The home, located at 6301 12th Avenue, was sold at the end of last year.
Plans are expected to be finalized, Barone said, within the next two to three months, given approval from the Vatican.
The Daily reports that “60 percent of the block-sized property bound by 63rd and 64th streets and 12th and 13th avenues will be devoted to market-rate condos, with an additional 15 percent earmarked for affordable housing and the last 25 percent split between senior housing and perhaps a school.”
These negotiations were teased by State Senator Marty Golden at a Friday, April 20 rally to save the Narrows Senior Center — the last remaining lease-holder within the storied 140,000-square-foot, block-long Angel Guardian Home. The rally was one of three organized by Pauline Castagna, a local supporter of both the home and the center. All three were also supported by the Guardians of the Guardian, a grassroots group of neighbors set on saving the Angel Guardian Home, its senior center and, most recently, St. Rosalia Church.
If given the green light, Barone will reportedly offer the Narrows Senior Center a long-term lease at its current rent when the new buildings are complete.
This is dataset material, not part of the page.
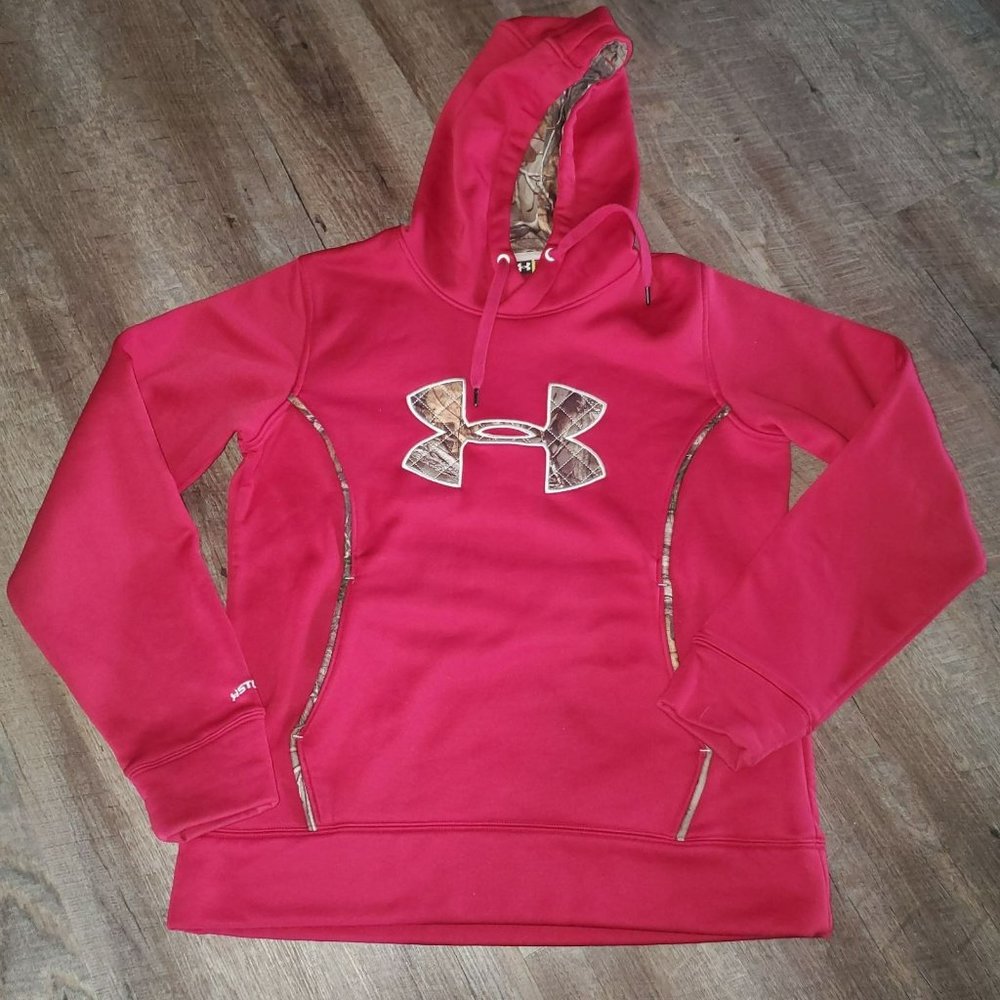 Under Armour hoodie Sz MD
The site was built in 1902, according to city records, and served as an extension of the Convent of Mercy, housing hundreds of orphans and eventually acting as a formal adoption agency until the 1970s.
In 2003, the Angel Guardian Home merged with St. Mary’s of the Angels Home to form the MercyFirst network of agencies. Up until late last year, the campus – which spans the entire block – housed the offices for the Sisters’ foster care program as well as a senior center, which, operated by Catholic Charities of Brooklyn and Queens, was once safe until June.
“We want to maintain this building, we want to maintain this property and, most of all, we want to keep our seniors here,” contended Fran Vella-Marrone, president of the Dyker Heights Civic Association and active member of the Guardians at the April 20 rally. “That’s what this is all about.”
Meanwhile, demolition has already begun on St. Rosalia, another Dyker Heights institution which was founded in 1902 as an Italian national parish. Its sale, first announced last spring via a decree from the Diocese and first reported by this paper, was met with disappointment from local residents.
Its 21,000-square-foot lot, being prepped for sale as a blank slate, is just blocks away from the Angel Guardian Home.
A spokesperson for the LPC told this paper in March that it had received a request to evaluate St. Rosalia Church and that it was “under review.”
The same spokesperson, when asked for an update, said Thursday that “after carefully reviewing the building’s architectural and historical qualities, LPC determined that it does not rise to the level of significance necessary for consideration as a potential individual landmark. We appreciate the importance of the building to its community, but in a city the size of New York, with its many religious structures, the Commission must be very selective in choosing examples of this building type for designation as individual landmarks.”